__PROBLEM__
Transcribe all of the records word for word, but omit the pictures.

__DATA FOR REVIEW__

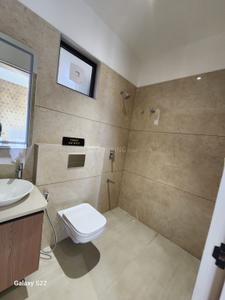 Bathroom Image of 1600 Sq.ft 4 BHK Apartment / Flat for sale in Coutyrad Bellavista, Bhayli Vadodara for Rs. 9600000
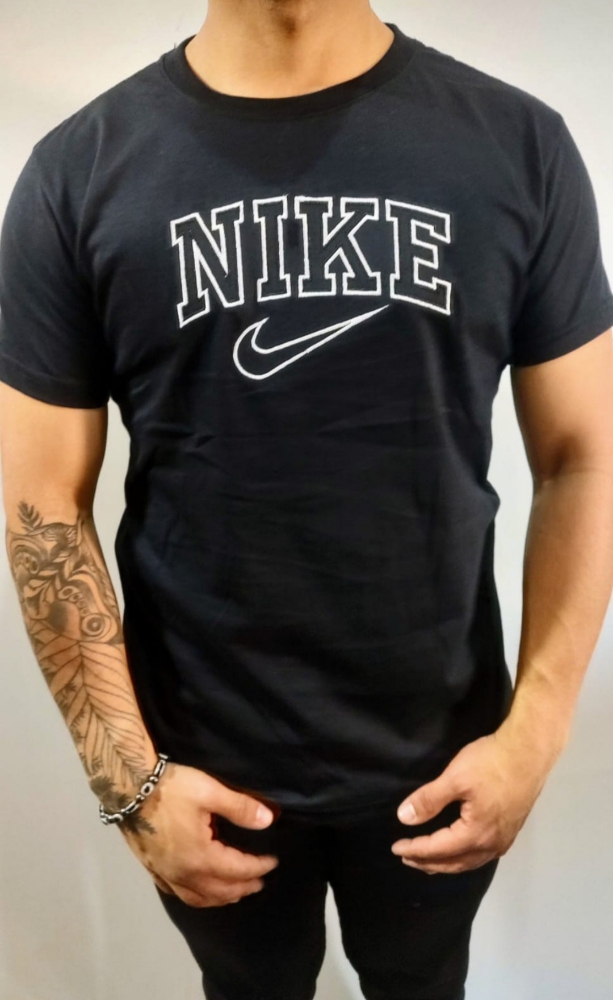 Remera Nke Bordada Algodón Peinado - Imagen 4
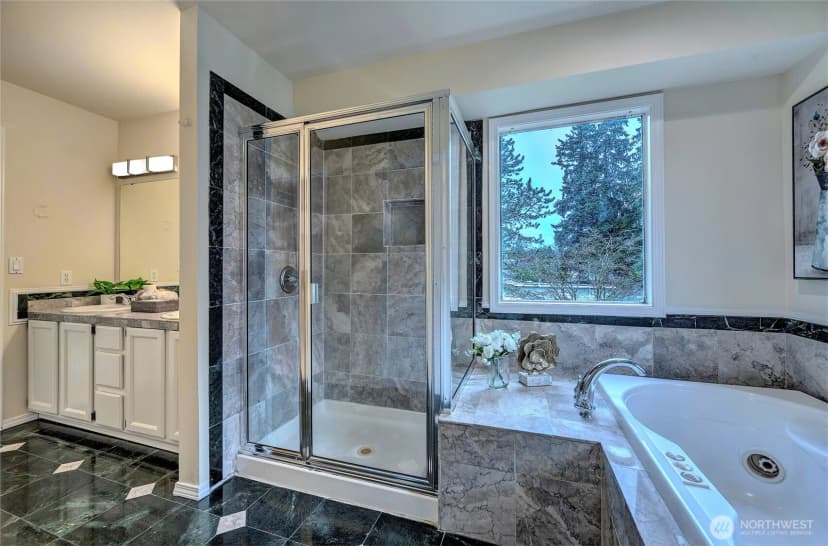 Property photo for 13133 Ne 74th Street, Kirkland photo 24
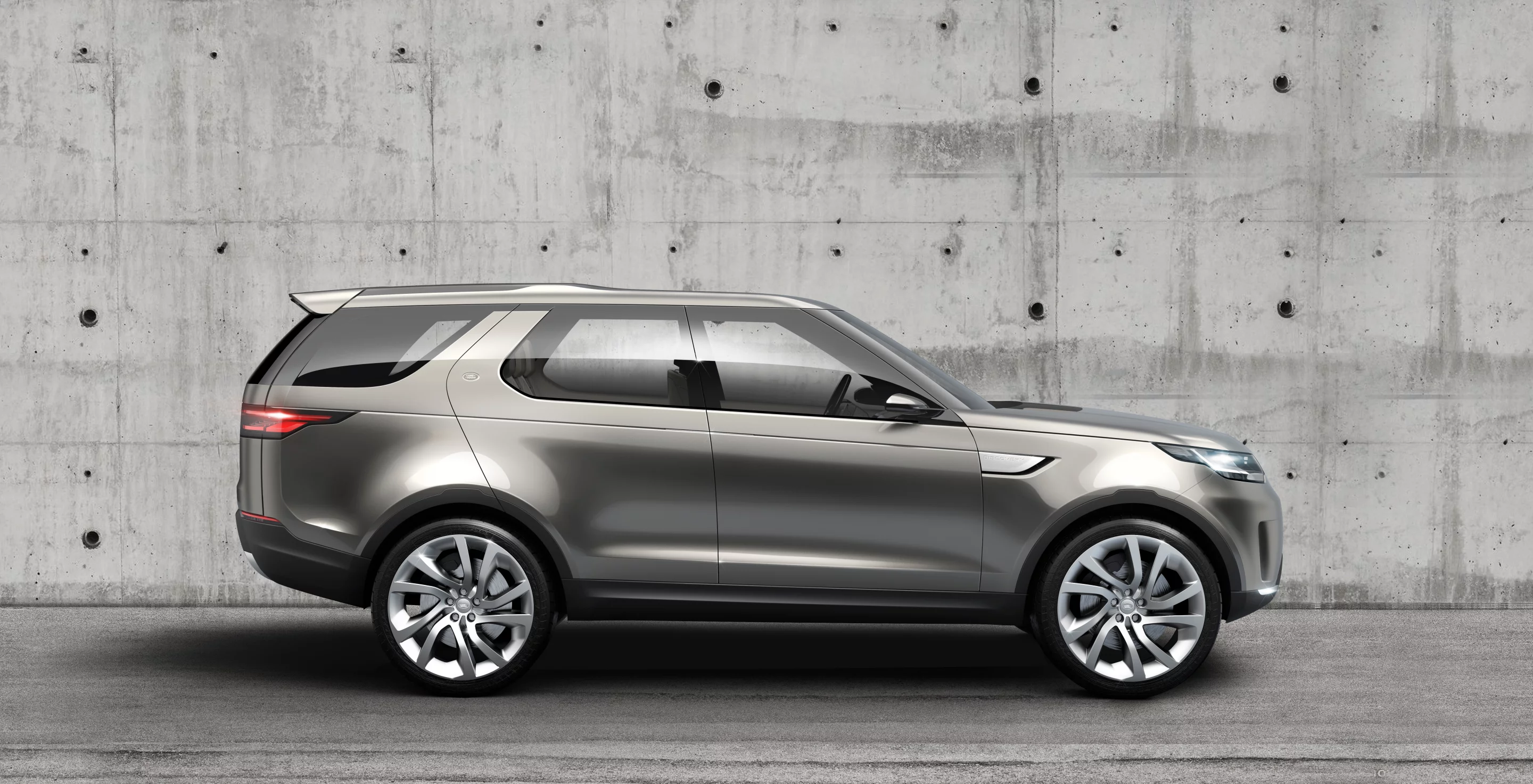 The Land Rover Discovery Vision concept is a showcase of new technology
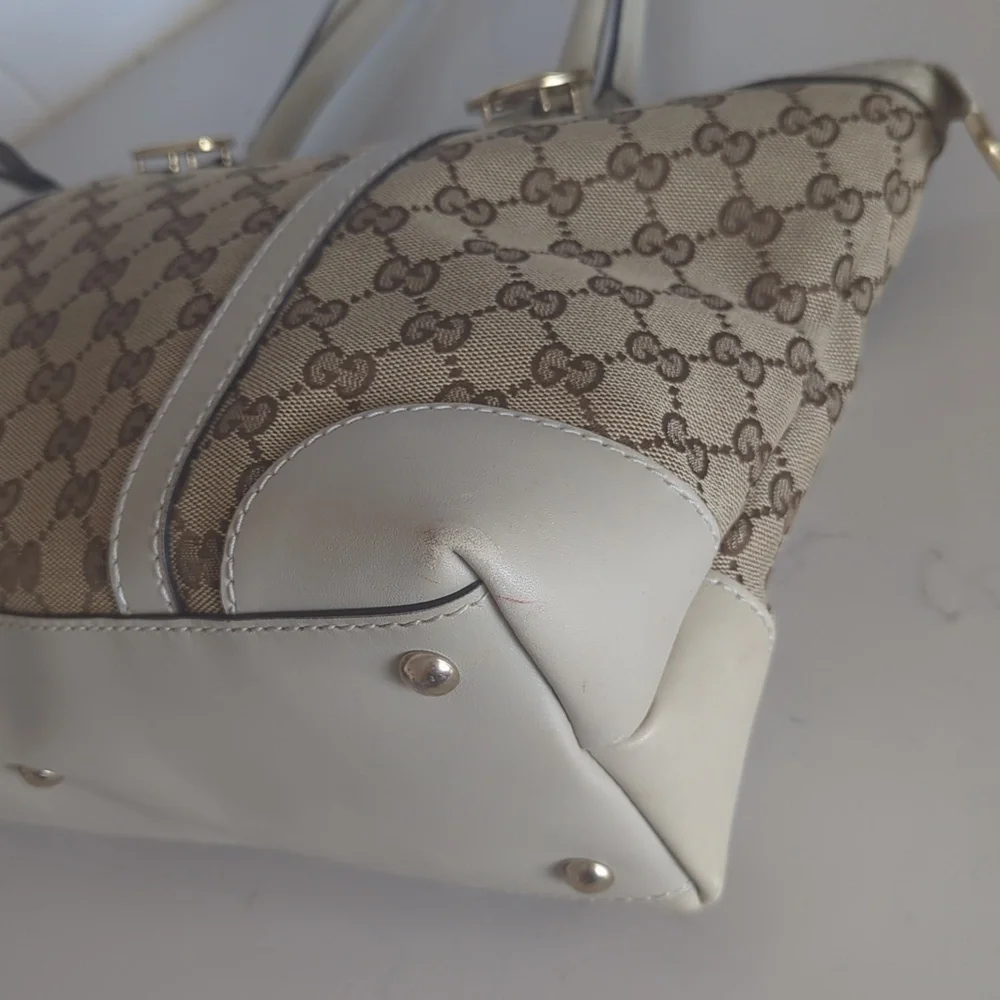 NOT FOR SALE SOLD Gucci Canvas Tote Vintage - Picture 9 of 15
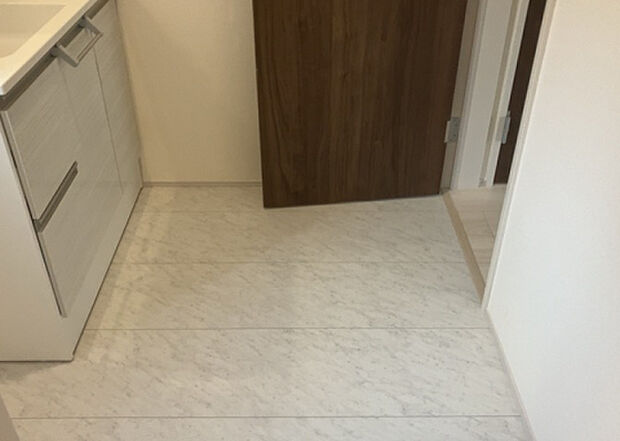 【脱衣場】多くの戸建て住宅で見かける洗面脱衣所は、洗面台と洗濯機が2畳ほどのスペースに並べられていて、洗面所が脱衣所を兼ね備えている間取りが一般的です。お客様が利用することもある、パブリックな空間でもあります。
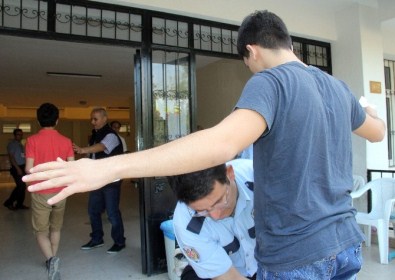 LYS'de Erkeklere Çifte Arama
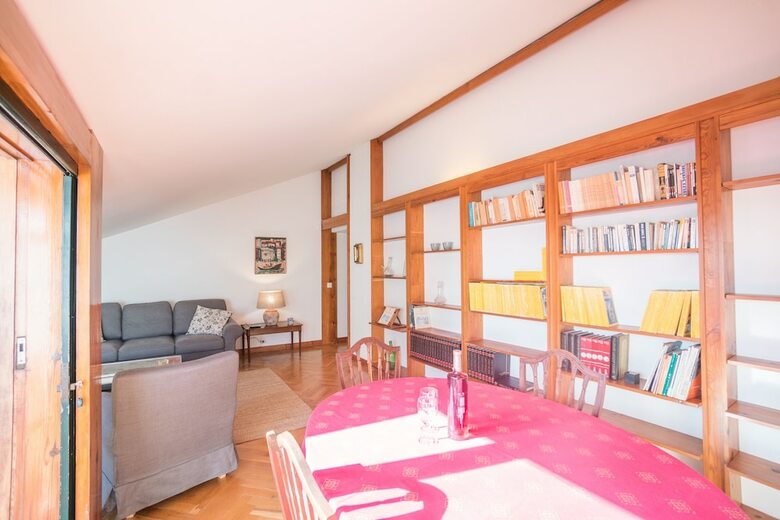 Amendoeira`s Terrace Apartment With River View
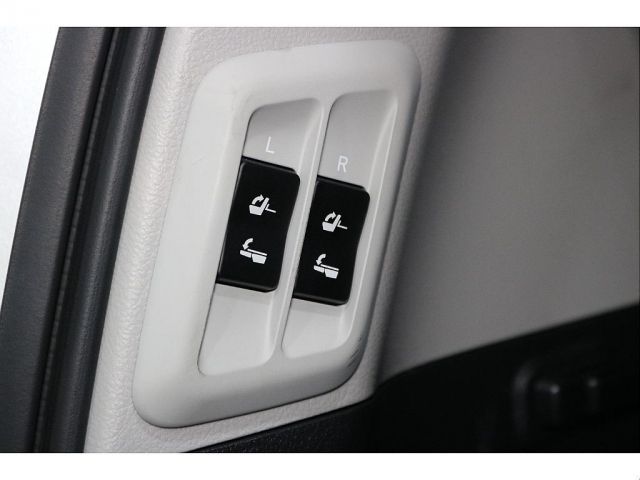 TOYOTA LANDCRUISER PRADO 2022 Image 31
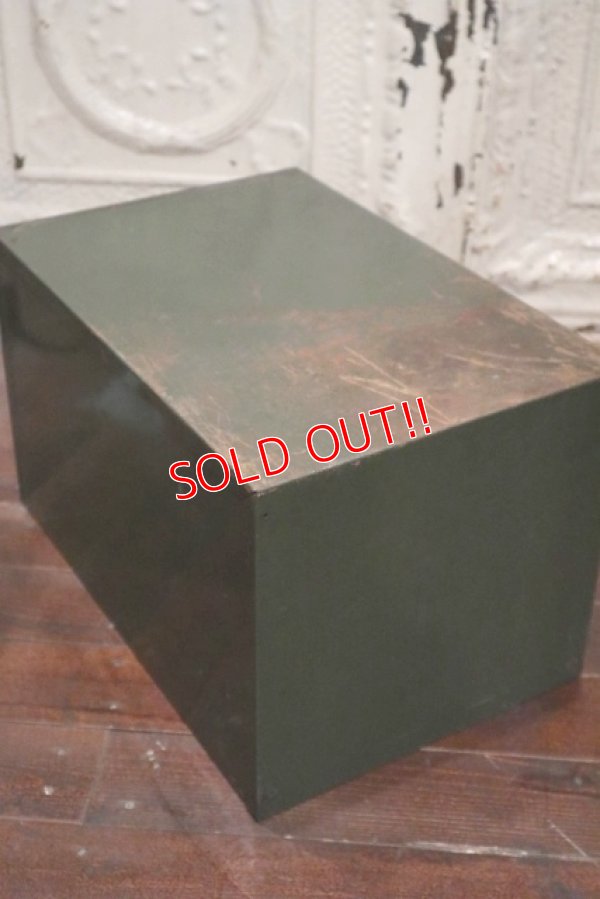 画像4: dp-190701-23 Vintage Metal Cabinet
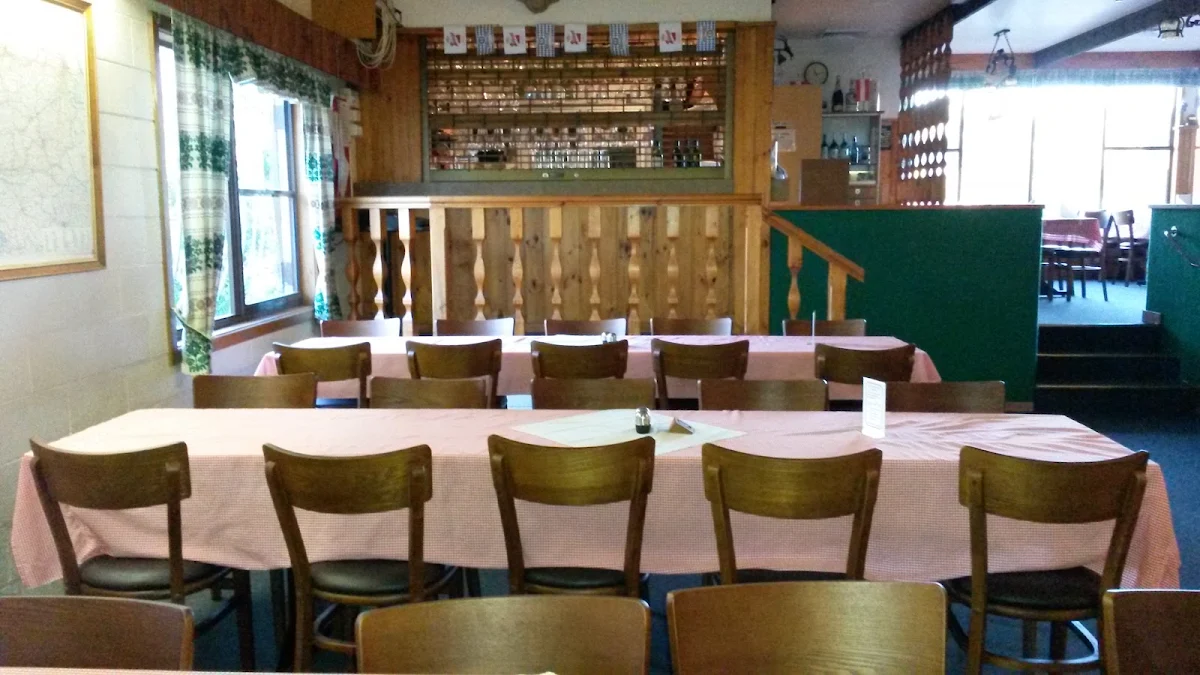 Vibe, Austrian Club Restaurant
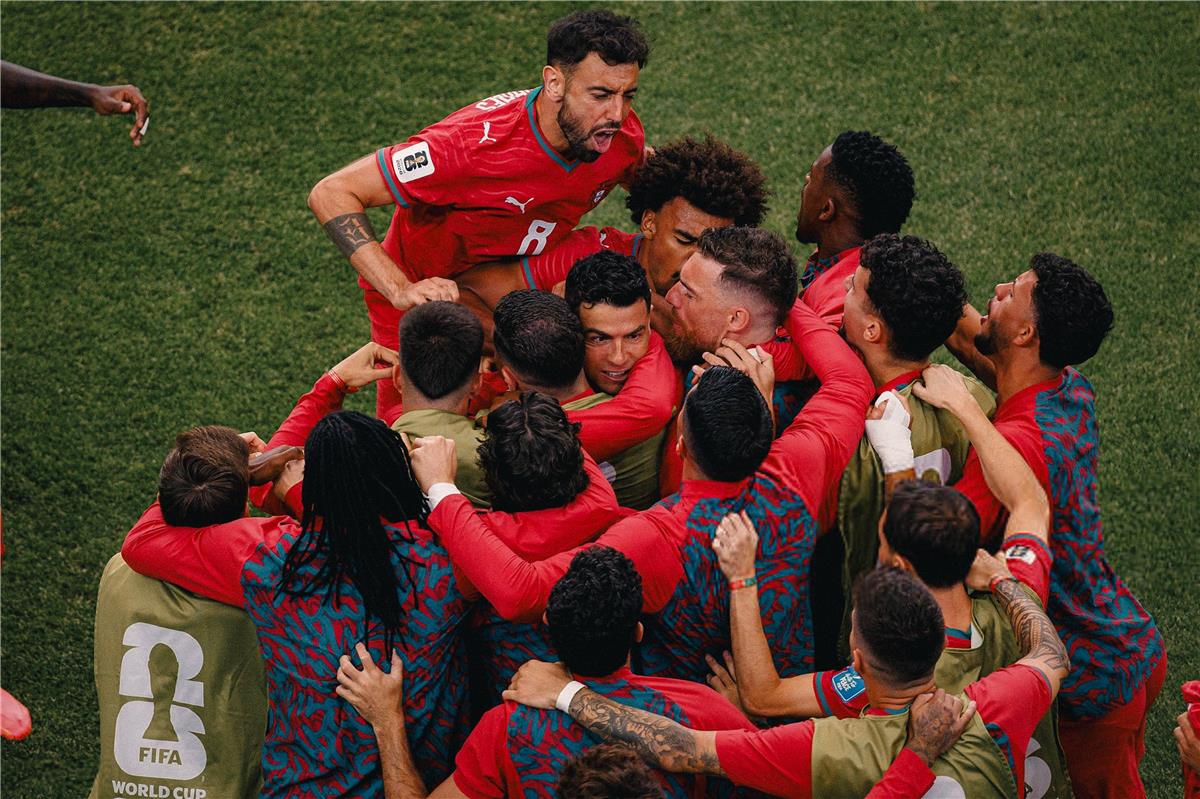 فيديو | رونالدو يرد على المشككين ويسجل هدفين في خماسية البرتغال أمام أوزبكستان بـ كأس العالم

__ANSWER TO THIS EXERCISE__
 Bathroom Image of 1600 Sq.ft 4 BHK Apartment / Flat for sale in Coutyrad Bellavista, Bhayli Vadodara for Rs. 9600000
 Remera Nke Bordada Algodón Peinado - Imagen 4
 Property photo for 13133 Ne 74th Street, Kirkland photo 24
 The Land Rover Discovery Vision concept is a showcase of new technology
 NOT FOR SALE SOLD Gucci Canvas Tote Vintage - Picture 9 of 15
 【脱衣場】多くの戸建て住宅で見かける洗面脱衣所は、洗面台と洗濯機が2畳ほどのスペースに並べられていて、洗面所が脱衣所を兼ね備えている間取りが一般的です。お客様が利用することもある、パブリックな空間でもあります。
 LYS'de Erkeklere Çifte Arama
 Amendoeira`s Terrace Apartment With River View
 TOYOTA LANDCRUISER PRADO 2022 Image 31
 画像4: dp-190701-23 Vintage Metal Cabinet
 Vibe, Austrian Club Restaurant
 فيديو | رونالدو يرد على المشككين ويسجل هدفين في خماسية البرتغال أمام أوزبكستان بـ كأس العالم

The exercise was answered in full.